Hattrick and the Server
|This is an official Hattrick Editorial originally published in 2006-03-19 14:12:00.|
We would like to take this opportunity to apologize for the bad performance of Hattrick this season, to explain what has happened and what is being done to improve capacity over time.
What happened on Saturday 18 March?
Around midday the main database server stopped responding and needed a restart, which caused delays on the site. After the same problem had recurred a further two times, we made the decision to move all of the main database to a spare server, as the crashes were most probably due to a hardware failure. Right now, we are running on the spare server which seems to be going well despite it being a weaker machine. We hope to move back into the main server later this week.
How does this connect with the general performance issues we have experienced this season?
At the face of it, not at all. The general performance crisis - which culminated two weeks ago - showed itself as a very high database load on our main database. This turned out to have several causes, one of which was hardware related and was sorted that same weekend, one which had to do with software optimization which we fixed this last week. Combined, these two fixes cut the system load in half. What happened on Saturday was unrelated, even though it ended up having similar results for users.
Why does this happen and what is being done to prevent it from happening in the future?
The recent issues have had various reasons, and it's not possible to point out one specific culprit. There are no universal bottlenecks at the moment. We have to work on several fronts to get it sorted out: hardware, software, as well as our own organization.
We are doing a lot of work right now on optimizing the database, rewriting applications to make them work quicker, and improving the server environment in various ways. We recently had a leading database specialist visit us to help us boost performance, and he gave us a good few ideas for improvements (as well as some kudos for running the largest public database he had ever seen). We are creating better routines for scheduled maintenance as well, to avoid some issues we've had in the past.
Basically, all of the above is business as usual though.
We are doing some other things as well.
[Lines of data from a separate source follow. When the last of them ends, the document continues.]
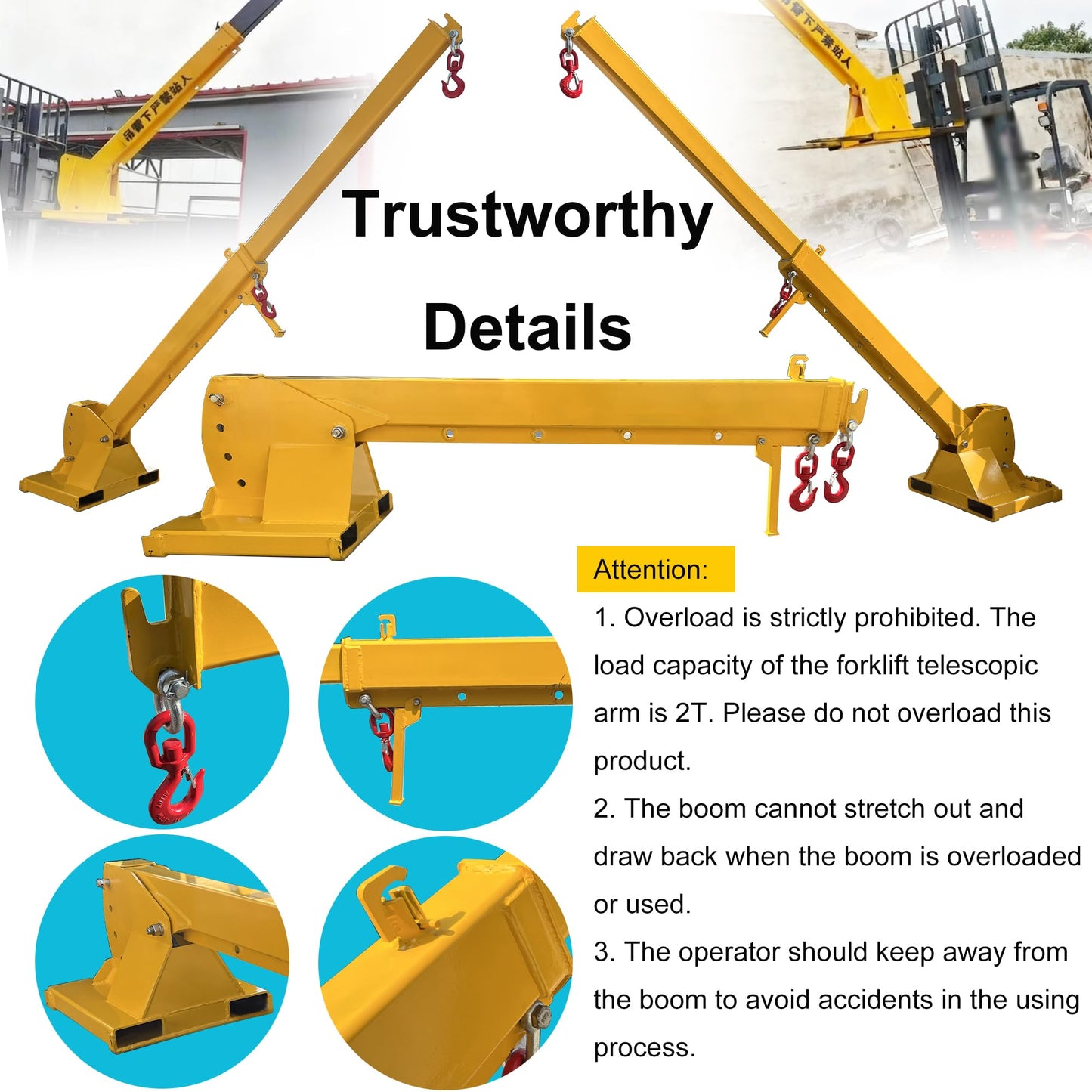 HayWHNKN 2T Forklift Telescopic Jib Boom Forklift Mobile Crane with 0-75° Adjustable Tilt Angle, 7-12ft Extension, 2 Hooks, Heavy-Duty Lifting Hoist Towing Handling for Warehouse Construction Factory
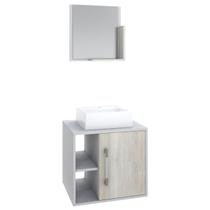 Armário de Banheiro com Cuba e Espelho Soft 1 Porta 2 Prateleiras Branco Chess/Snow 13685 - Compace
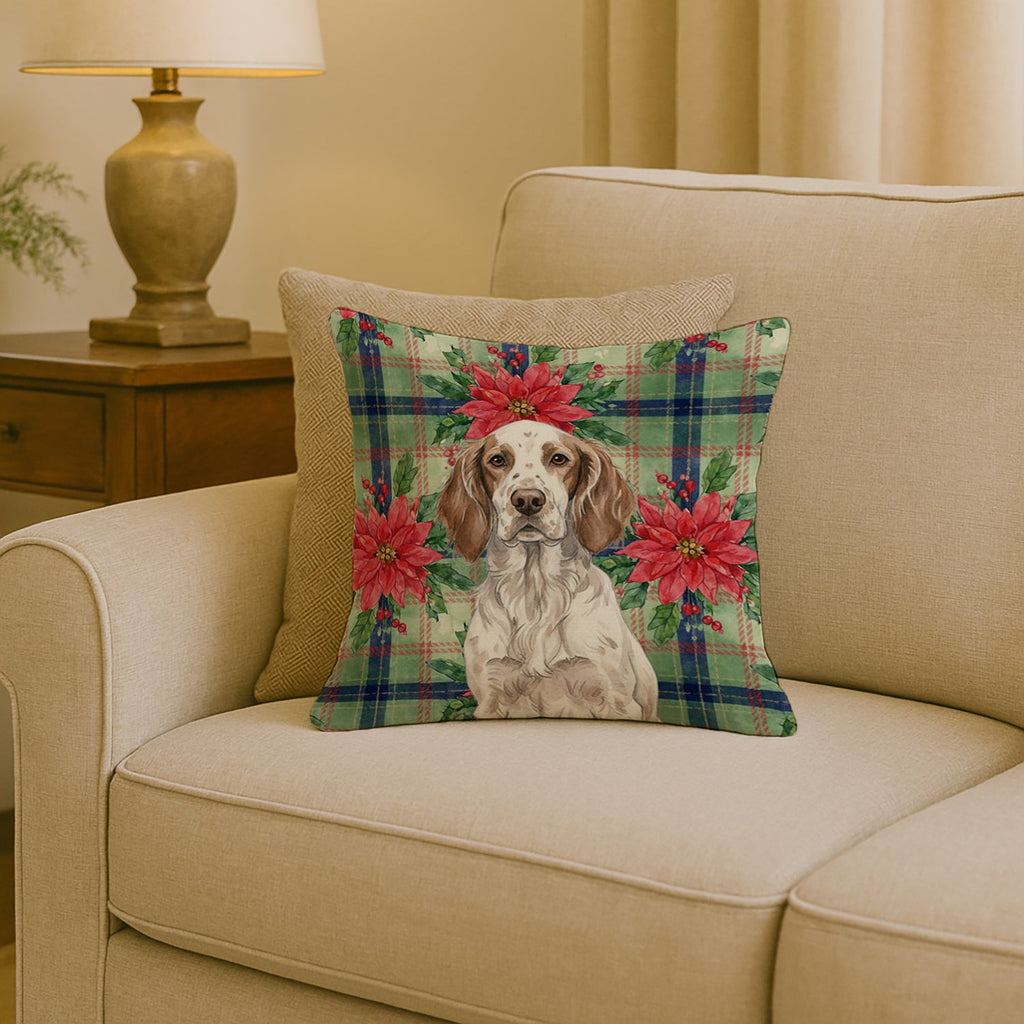 Liver Belton English Setter Christmas PoinsettIas Decorative Throw Pillow 18x18 Indoor Outdoor Accent Cushion, Fabric Cover with Insert for Sofa, Bed, Porch & Living Room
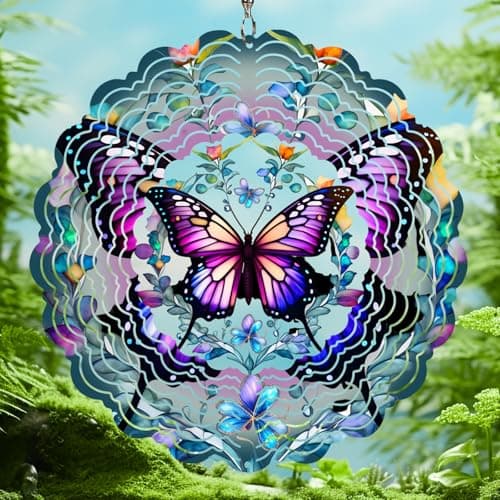 Butterfly Wind Spinners Outdoor - Birthday Gifts for Women Mom Men Garden Decor Gifts, Butterflies Hanging Wind Chimes 12 inch 3D Wind Spinner for Outdoor Decor for Outside, Patio, Yard, Balcony - Image 1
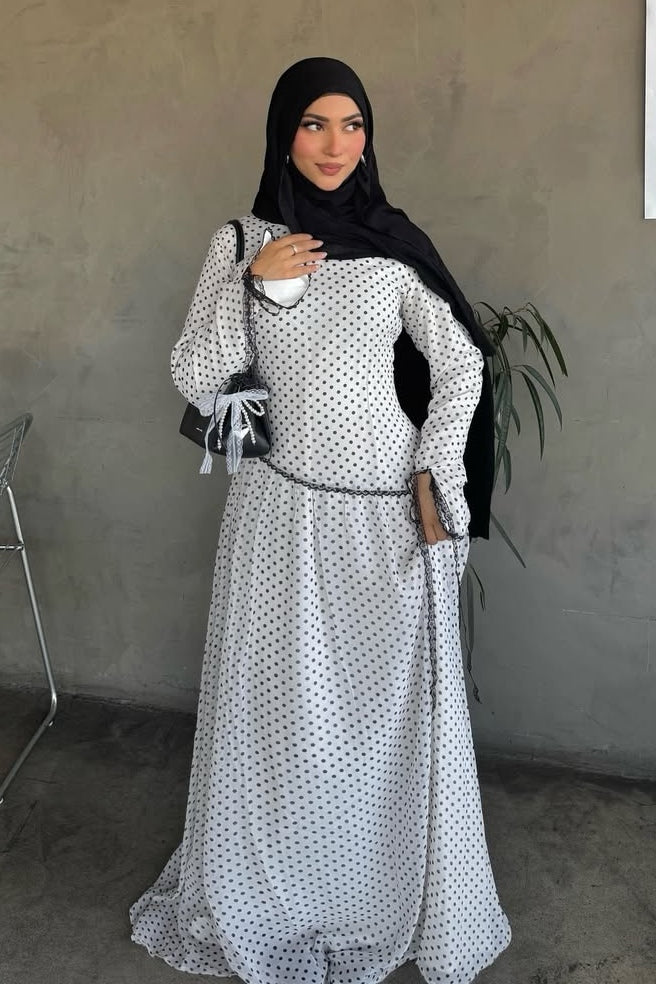 Zoya Asymmetric Lace-Trim Polka-Dot Maxi-White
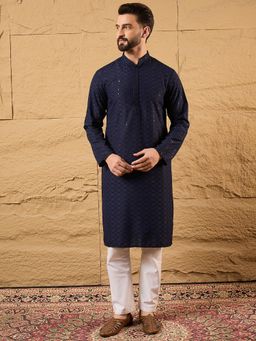 ETHNIC BAY - Viscose Rayon Embroidered Straight Blue Kurta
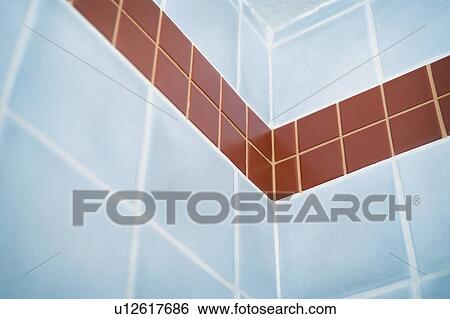 Detail blue and orange tiles in shower View Large Photo Image Stock Photograph - Detail blue and orange tiles in shower. Fotosearch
We are hiring more people to come work with Hattrick, and one of the main objectives is to set up better server maintenance monitoring. We have things like that already, of course, but it is an area where we want more focus, and more accountability. This will not give immediate results, but it is necessary if we want to take Hattrick to the next level of reliability and speed.
We are also close to sealing a partnership with a major hardware supplier. This will give us access to hardware upgrades as well as to valuable technical know-how.
It is very hard to make any guarantees for when Hattrick will be running to everyone's satisfaction. Maybe it will never happen. But we will improve from where we are today.
We have always been racing to keep up with demand, and while we have been ahead of the curve several times, we have also been far behind on occasion. In many ways, being strapped for resources has been good for us; it has forced us to keep improving in smart ways. Of course, much of this extra capacity has been consumed by new users, who in turn have given us resources to improve even further.
Since 2000, the user base of Hattrick has grown by more than 100 times and the site is still more reliable and faster than it was back then. That is not a comfort at times like this, but it does give some perspective and, I think, some credit to the idea that things will improve over time. So despite the understandable doom and gloom on a weekend like this, I think there is reason to be cautiously optimistic.